The Door into Summer by Robert A. Heinlein (Doubleday, 1957)
In one of the apae in which I’m involved through the Los Angeles Science Fantasy Society, there was some confusion recently between Heinlein’s 1940 short story “The Roads Must Roll” and his 1957 novel The Door into Summer. So I read both. The latter, which was originally serialized in The Magazine of Fantasy & Science Fiction and more recently adapted into a movie, is a slightly dated but wonderful read that combines engineer as hero, corporate espionage, and time travel.
The gist of the book is that engineer and inventor Daniel Boone Davis loses control of his housekeeping robot company through some underhanded contractual dealings involving his partner and their bookkeeper, who is also his fiancee—but not for long. To exact a revenge of sorts, Davis elects to go into suspended animation for 30 years. However, his former partner and fiancee trick him into doing so through another service provider, in order to further cheat him out of his shares of the company.
When Davis comes to 30 years in the future, he discovers that not only are some of his patents still incorporated in commercially available consumer technology—perhaps still a source of income for him—there are also some eerily similar patents that could very well be his own work, as well. Through a colleague at one of the companies still licensing technology he had a hand in developing, he learns about a professor who’s discovered a mode of time travel—and is able to get sent back in time to several months before he first went into suspended animation.
Falling in with a group of nudists in Colorado, he develops similar, competing technology, establishes another shell company, and does everything he can to provide for the future he encountered—interpreting and claiming it as his own—before he gets pulled back into the future.
Some readers might find the protagonist’s love interest problematic. Were it not for his preteen, perhaps distant relative also taking the cold sleep to reunite with him in the future—where they can finally marry as adults—most of their time together was spent as a man in his 30s and a girl of perhaps 12 or younger. He even agrees to marry her—in the future—while visiting her at a Girl Scout camp—having traveled to their past. The situation is somewhat uncomfortable and not entirely gracefully resolved through time travel. The other women portrayed in the book are either receptionists or his duplicitous bookkeeper fiancee, who’d been involved in similar crimes.
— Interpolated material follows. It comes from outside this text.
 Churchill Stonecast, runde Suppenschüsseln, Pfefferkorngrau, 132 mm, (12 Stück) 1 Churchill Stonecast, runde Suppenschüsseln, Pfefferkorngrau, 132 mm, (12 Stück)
The novel is an intriguing piece of fiction with two different forms of time travel, an interesting untangling of the time-travel paradox, and plenty of commentary on the positive contributions of engineering and engineers in overcoming challenges, solving problems, and creating a positive future. The details surrounding the “cold sleep” technology are also interesting, with its emergence from the military during a nuclear conflict that is largely glossed over.